Day's article prompted a response in turn in the same venue from Harry Saunders and Jesse Jenkins. Saunders was a co-author of the 2010 paper that brought the idea of an energy rebound into wider awareness. Their rebuttal gets deep into details of energy economics and history, but its net effect is to argue that recent and current uses of energy for lighting do not diverge all that much from historical trends going back 300 years. And if that is so, a rebound at the high end of the range is possible, like 100%.
(All parties are careful to note that energy efficiency is a good thing: that society still benefits from lower energy costs even if a rebound eats up some of the projected savings.)
Here is one very rough data point for the debate: Households in the UK over the last decade have doubled the number of lights in use, despite the average size of such residences having shrunk over that time. This factoid comes from home entertainment retailer Homebase, which does not speculate very far into the causes behind the increase in lighting.
Bridgelux does "Class A" light
Bridgelux has been working with Rensselaer Polytechnic Institute's Lighting Research Center, inventor of the GAI metric, to develop lighting that can be characterized as "Class A" in the LRC's nomenclature. Class A is not rigorously defined, that I have seen; it refers to lighting that offers a "pleasing blend of naturalness and vividness based on subjective human perceptions." Now Bridgelux has introduced a series of COB LEDs called Décor, which offers both CRI and GAI above 80, and with light that is positioned below the black-body locus.

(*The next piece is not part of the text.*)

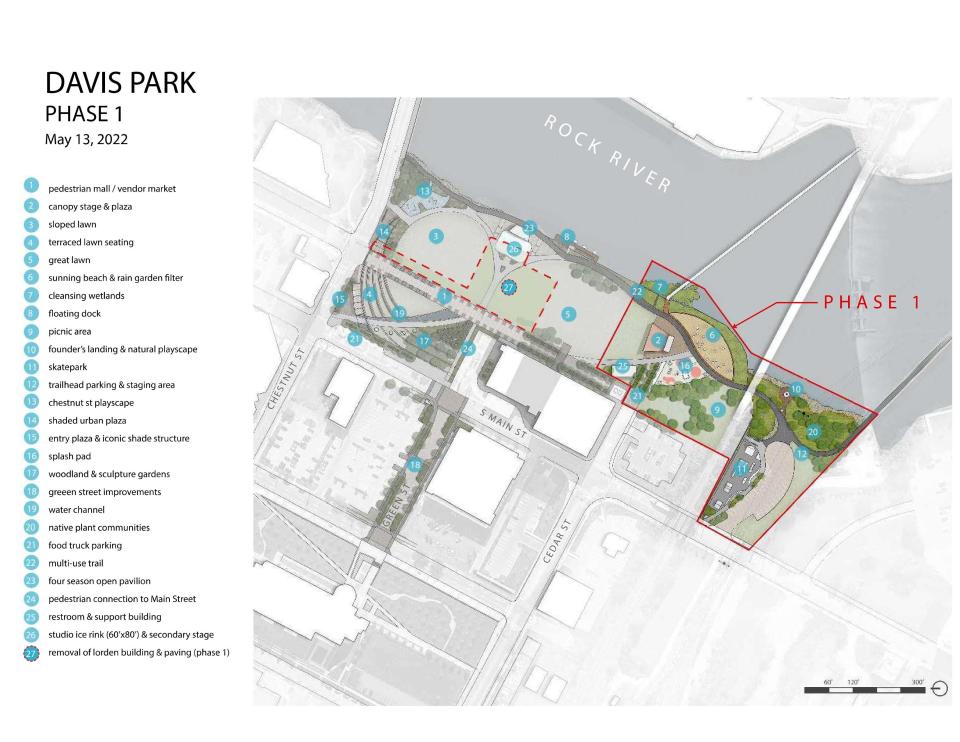 Rockford officials are considering a more than $6 million first phase of a multiyear master plan to transform Davis Park from an underutilized facility into the city's central gathering and entertainment hub.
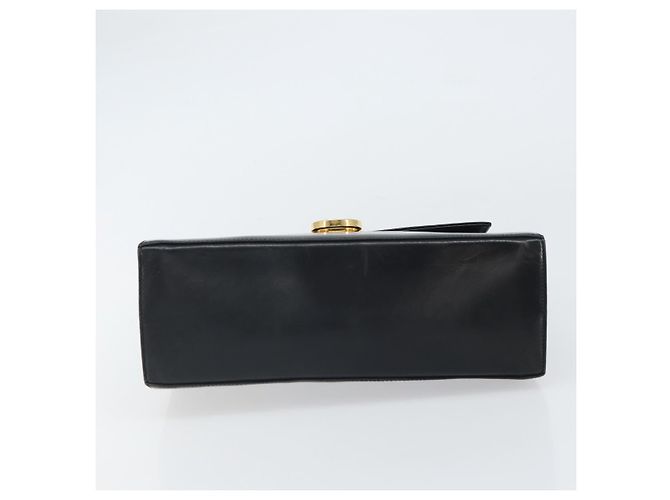 Borsa a mano Gancini in pelle nera e oro Salvatore Ferragamo Auth hk3303 Nero D'oro - vista 9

We have seen Philips Lumileds (sponsor of this site), Soraa, and Xicato introduce LEDs their makers claim produce light that is ideal for retail spotlighting use. Bridgelux now joins this pantheon.
Soraa working on biodynamic, human-centric lighting
Following the awarding of the 2014 Nobel Prize in Physics, Shuji Nakamura held a media teleconference, accompanied by Soraa CEO Jeff Parker. One item mentioned almost in passing: Soraa is developing products that will demonstrate the ability of its GaN-on-GaN light to provide health benefits. "We're working on it, we've prototyped it, and we're doing testing on it," Parker said. "We think there are a lot of things you can do in the area of circadian, alertness, simulating sunlight, and stimulating the sensors in people's eyes to solve certain issues and problems. We'll have something next year."